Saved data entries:

━━━━━━━━━━━━━━━━

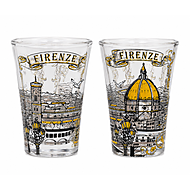 Souvenir di Vetro del Punto di Riferimento di Firenze, Italia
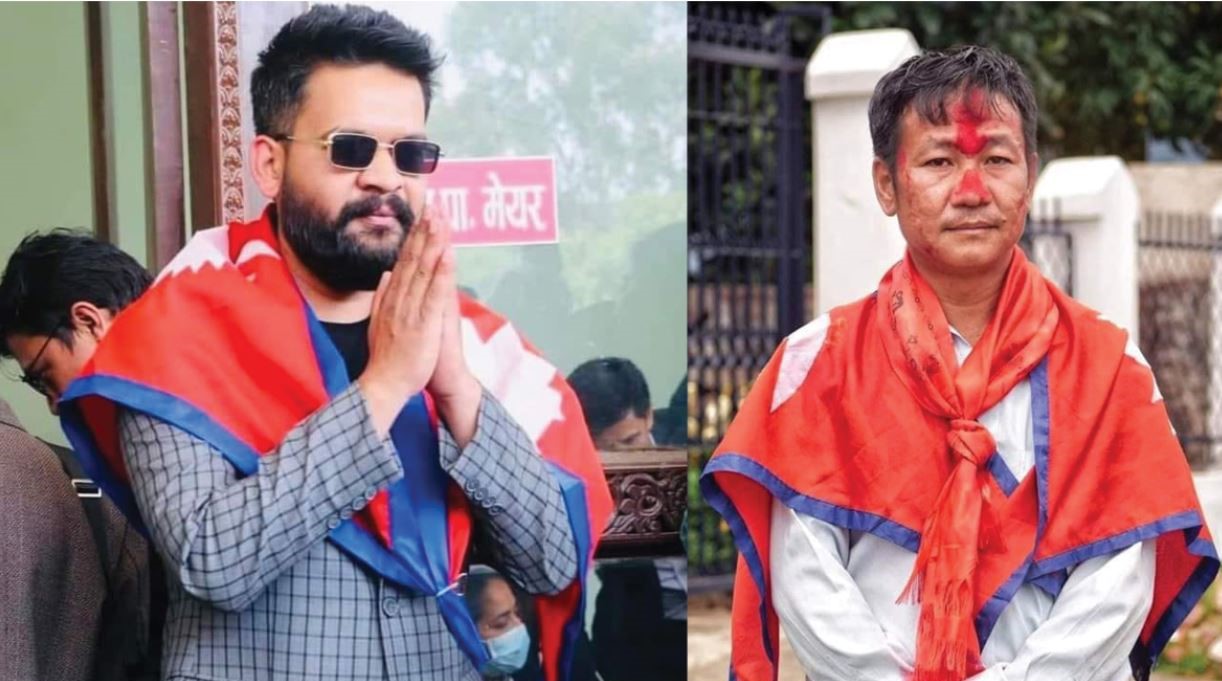 मेयर साम्पाङ र बालेनबीच फेसबुकमा जुहारी
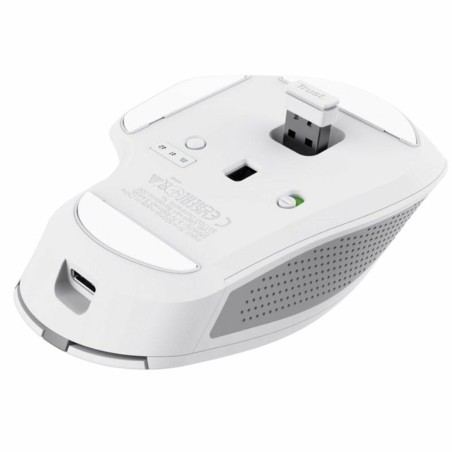 Mouse senza Fili Trust 24935 Bianco 3200 DPI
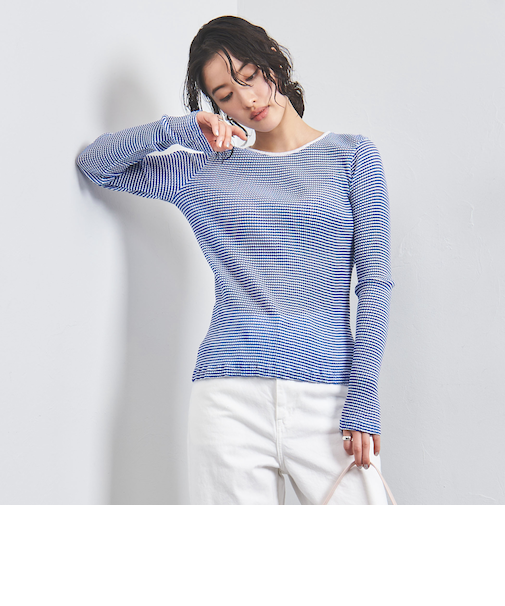 シアー フィット クルーネック カットソー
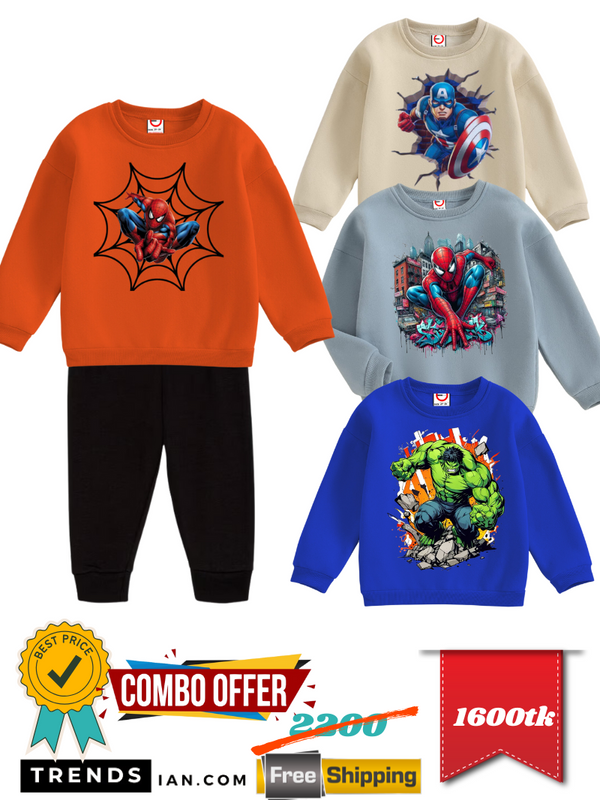 Combo Offer  Joggers Pants 1 Piece   Sweatshirt 4 Piece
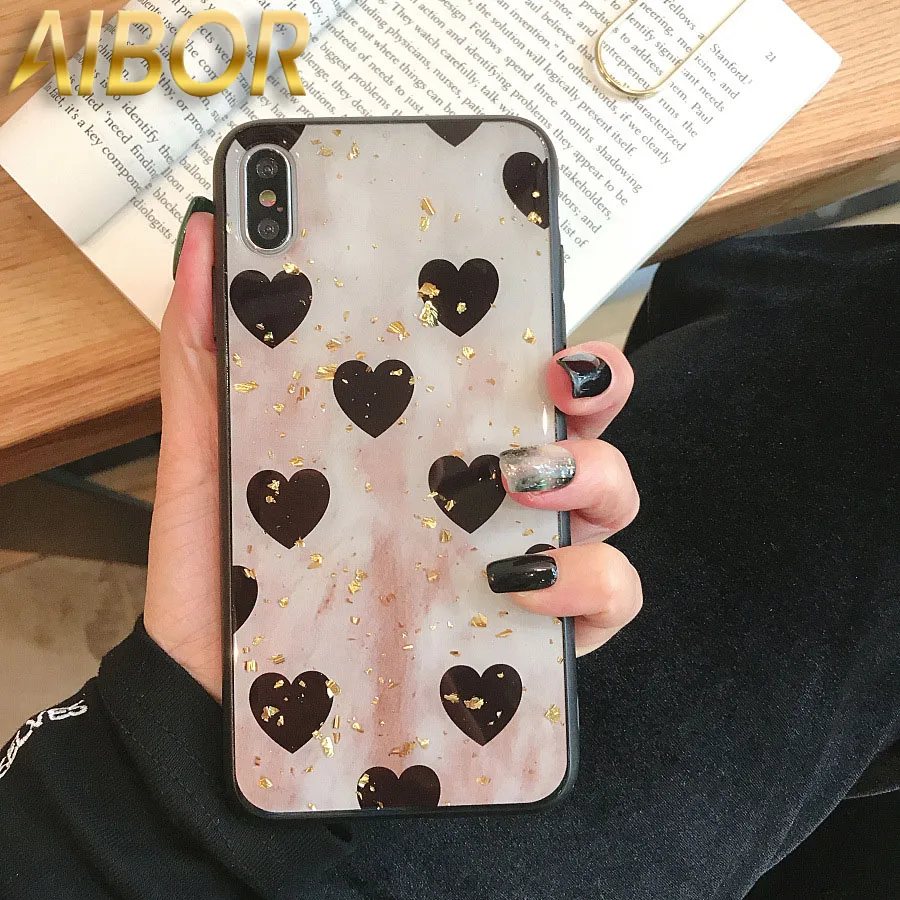 Модные солнцезащитные очки в стиле ретро с милое украшение "Love Heart" золото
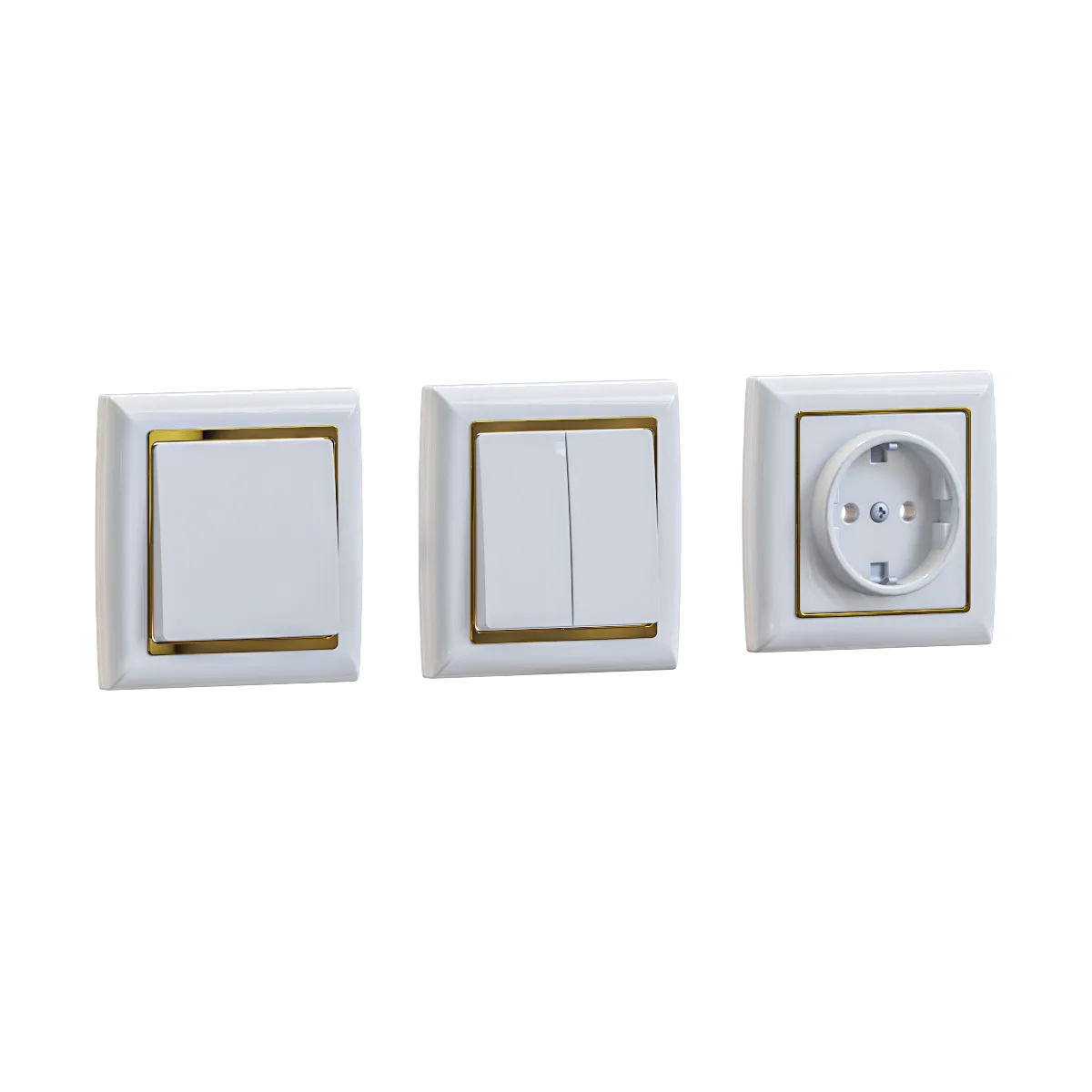 furniture – Socket and switches 3ds Max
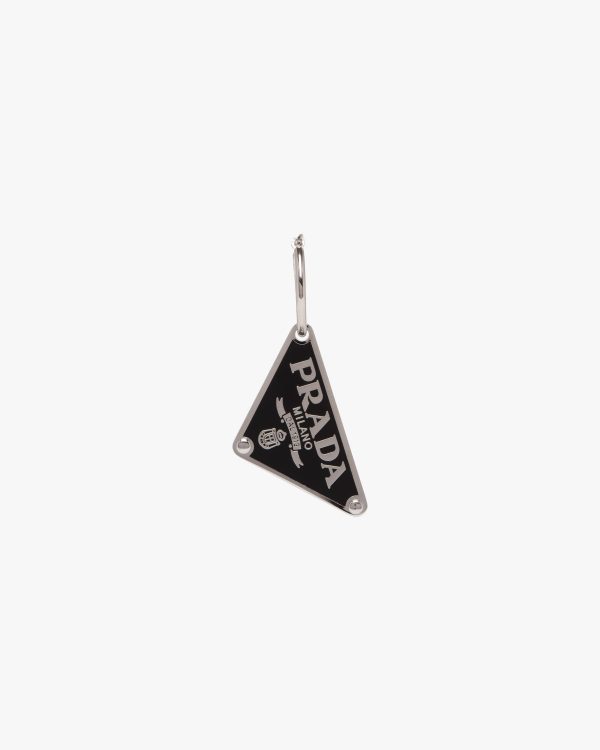 Black Prada Symbole pendant right earring - Image 3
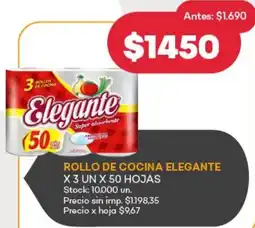 Supermercados Tadicor Elegante rollo de cocina oferta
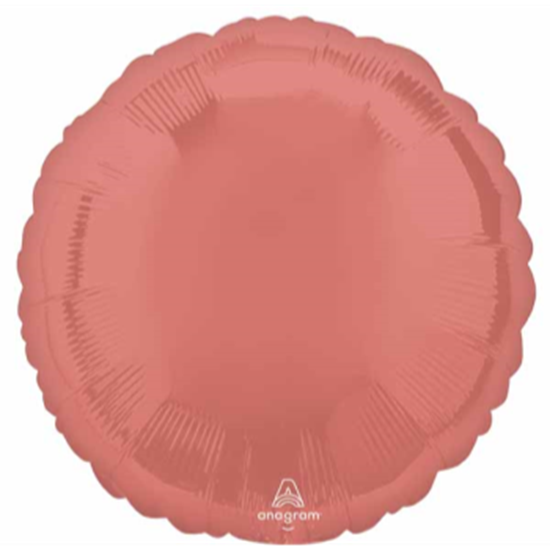 Image sur 18" FOIL - CORAL ROUND
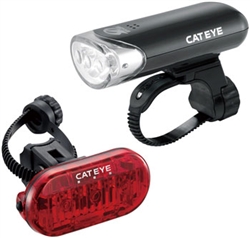 Cateye Front/Rear Light Combo HL-EL135 + Omni3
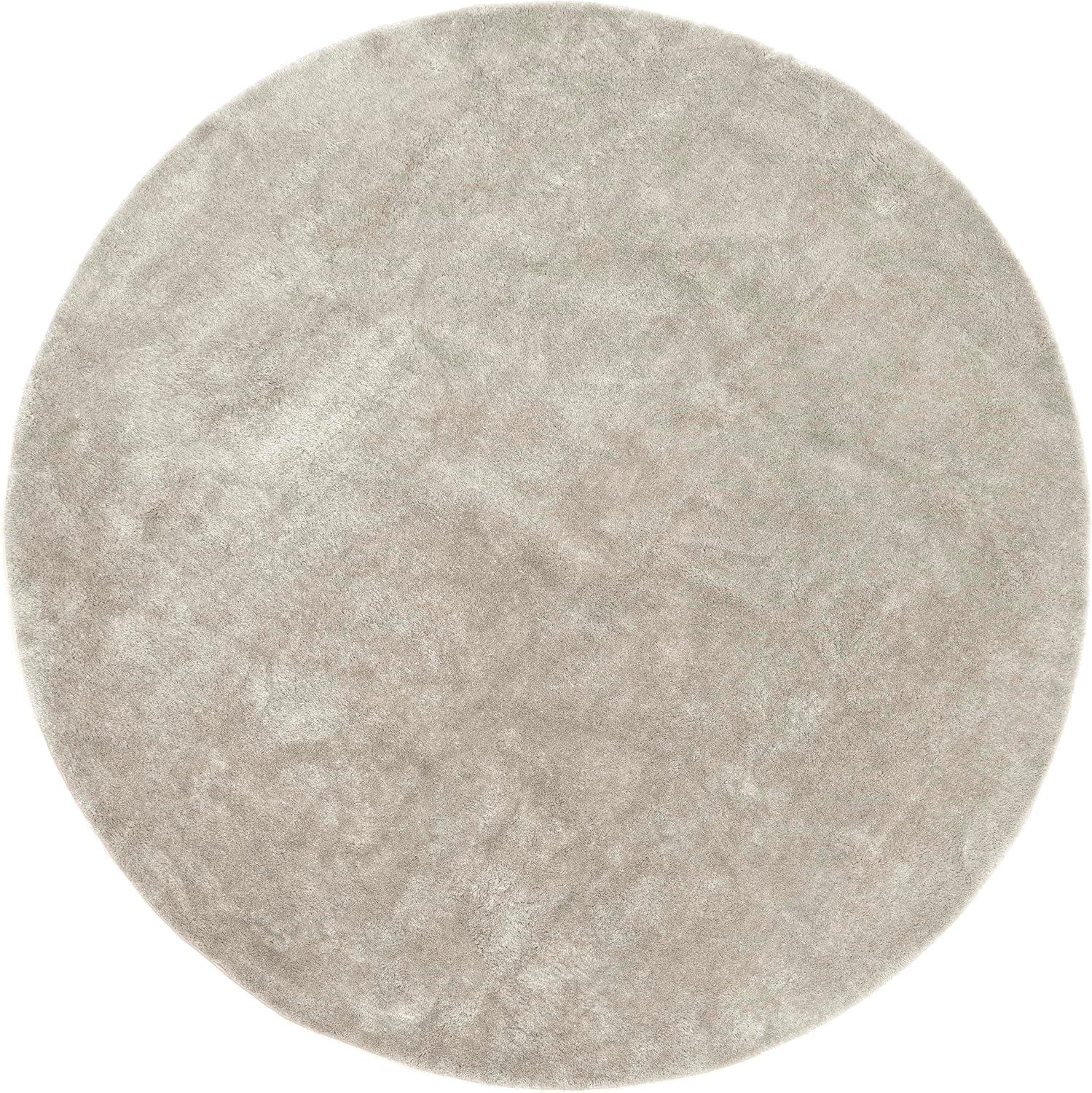 Nuloom Loni Solid 6 Round Machine Washable Shag Indoor Area Rug for Living Room Bedroom Dining Room Nursery, Beige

━━━━━━━━━━━━━━━━

### Exercise instructions
Take the line containing "Mouse senza Fili Trust 24935 Bianco 3200 DPI" as the first and the last line of the records as the end. Print every line in that span exactly, leaving out pictures.

### Answer to the problem
 Mouse senza Fili Trust 24935 Bianco 3200 DPI
 シアー フィット クルーネック カットソー
 Combo Offer  Joggers Pants 1 Piece   Sweatshirt 4 Piece
 Модные солнцезащитные очки в стиле ретро с милое украшение "Love Heart" золото
 furniture – Socket and switches 3ds Max
 Black Prada Symbole pendant right earring - Image 3
 Supermercados Tadicor Elegante rollo de cocina oferta
 Image sur 18" FOIL - CORAL ROUND
 Cateye Front/Rear Light Combo HL-EL135 + Omni3
 Nuloom Loni Solid 6 Round Machine Washable Shag Indoor Area Rug for Living Room Bedroom Dining Room Nursery, Beige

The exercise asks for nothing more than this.